Polyether-polyols (PEPOs) belonging to foaming polymer are based on the polyoxyalkylene glycols (e.g., dipropylene glycol), the higher alkyleneoxy polyols (e.g., polypropylene glycol), and also ethylene or propylene oxide (EO or PO respectively) adducts of polyfunctional alcohols and polyfunctional amines such as pentaerythritol, sorbitol, 2,2,6,6.-tetrakis(hydroxymethyl)cyclohexanol, triethanolamine, and polyoxybutylene glycols [1]. PEPOs are important macromonomers utilized for the synthesis of polyurethane elastomers and crosslinked PUR foams [1,2,3,4,5,6]. In this synthesis, the alkali-catalyzed anionic polymerization takes place, where different di- or polyfunctional starting alcohols (initiators) with epoxides (ethylene and/or propylene oxide) react at high temperature (>100 °C) and pressure [7]. To obtain a well-characterized product, one shall control the selectivity of propagating reactive species. This is possible by utilization methods such as controlled or living polymerization [8]. From a mechanism point of view, the main synthesis routes involve ring-opening (ROP) of epoxides by either coordination or ionic mechanism.

The anionic polymerization enables the control of the features of the final product, such as molar mass or dispersity [8]. In the polyethers synthesis, several crucial factors must be taken into consideration, such as ring strain and polymerization enthalpy, as they directly influence epoxide reactivity and polymerization kinetics. It was also proven that electronic and steric factors associated with the nature of the ring substituent, as well as reaction conditions (temperature and solvent), could play an important role [9].

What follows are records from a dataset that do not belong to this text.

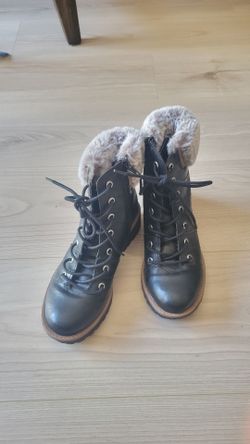Girls Black Boots / Women's Size 5.5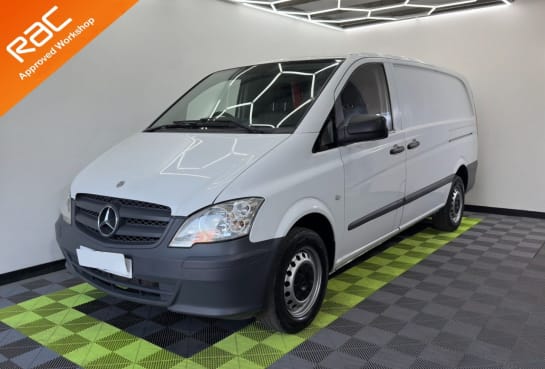 A 2014 MERCEDES VITO 113 CDI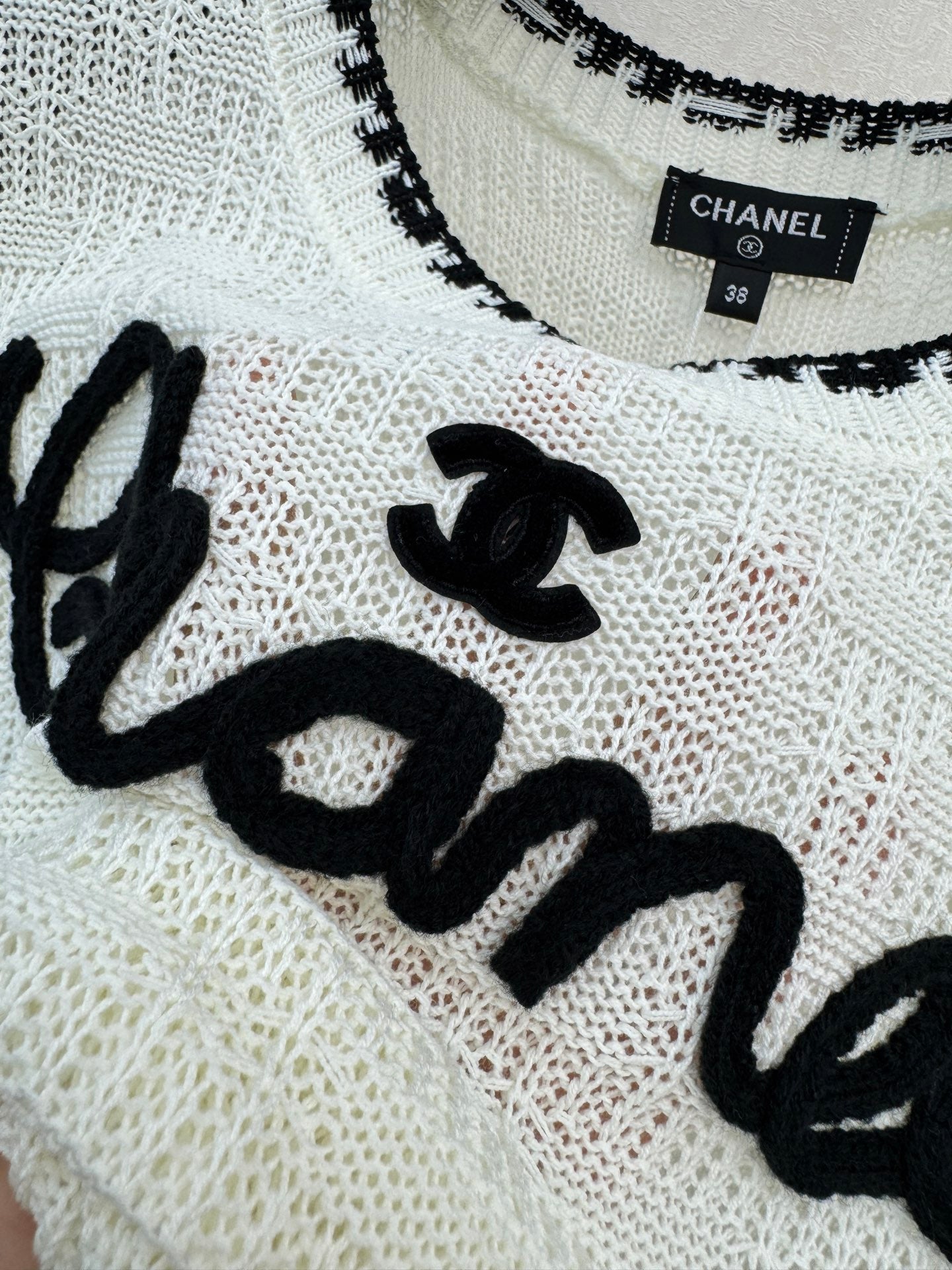 Chanel 2026 Embroidery Logo Short-sleeved Shirt White Black Wool 364270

Recently [10], we used for initiation dipotassium salts of different glycols (e.g., di- or tripropylene ones, activated 18-crown-6 (18C6)). It allowed preparing bimodal PPOs containing fraction with two terminal OK groups (M_n~10,000) and fraction with allyloxy and OK terminal groups (M_n~30,000). Both kinds of terminal groups can be easily converted to OH ones [1]. The structure of the polyols influences the property of the polyurethanes. Hence this can be a factor controlled by the selection of the length and composition of the polyether chains and the functionality (f) of the monomers [11]. In this way, PEPOs create a group of polymers whose members are characterized by a variety of properties. If flexibility is urged, polyols are synthesized with low functionality initiators such as dipropylene glycol (f = 2) or glycerine (f = 3). On the other side, if rigidity is required, then high functionality initiators such as sucrose (f = 8), sorbitol (f = 6), toluenediamine (f = 4) are used. Tetra- and higher functional PEPOs are usually obtained in the reaction of an alkylene oxide (ethylene oxide, propylene oxide, butylene oxide) with a polyol possessing four or more hydroxyl groups [8].

To tailor mutual interaction in the structure of the initiator system, we previously applied cyclic oligo (potassium glycidoxide) with three or six OK groups activated 18C6 as macroinitiators for the polymerization of PO, BO, and styrene oxide (SO) [12]. Star-shaped polyether-polyols with M_n = 1200–8000 were prepared this way. These polymers can be used as substrates for the synthesis of new polyurethanes with improved mechanical properties.

The aim of the present work was the application of new initiating systems with a tailored strength of ionic pair generations for the preparation of new star-shaped polyether polyols (PEPOs) based on the various epoxy-ring monomers. The initiating system is constructed with potassium hydroxyalkoxides synthesized in the reaction of KH activated 18C6 with 2,2,6,6-tetrakis(hydroxymethyl)cyclohexanol (THMC). In the core initiator structure (THMC), the central six-membered ring adopts a slightly twisted chair conformation. For this molecule, the crystal packing is stabilized by mutual intermolecular O–H∙∙∙O interactions [13,14]. THMC was reported to be useful as a functional hydroxyl monomer for the synthesis of crosslinked polyorthocarbonates [15], ladder-type polyspiroacetals [16,17], and also polyurethane rigid foams prepared from soy-based polyol derived from a reaction with cyclohexanol [18].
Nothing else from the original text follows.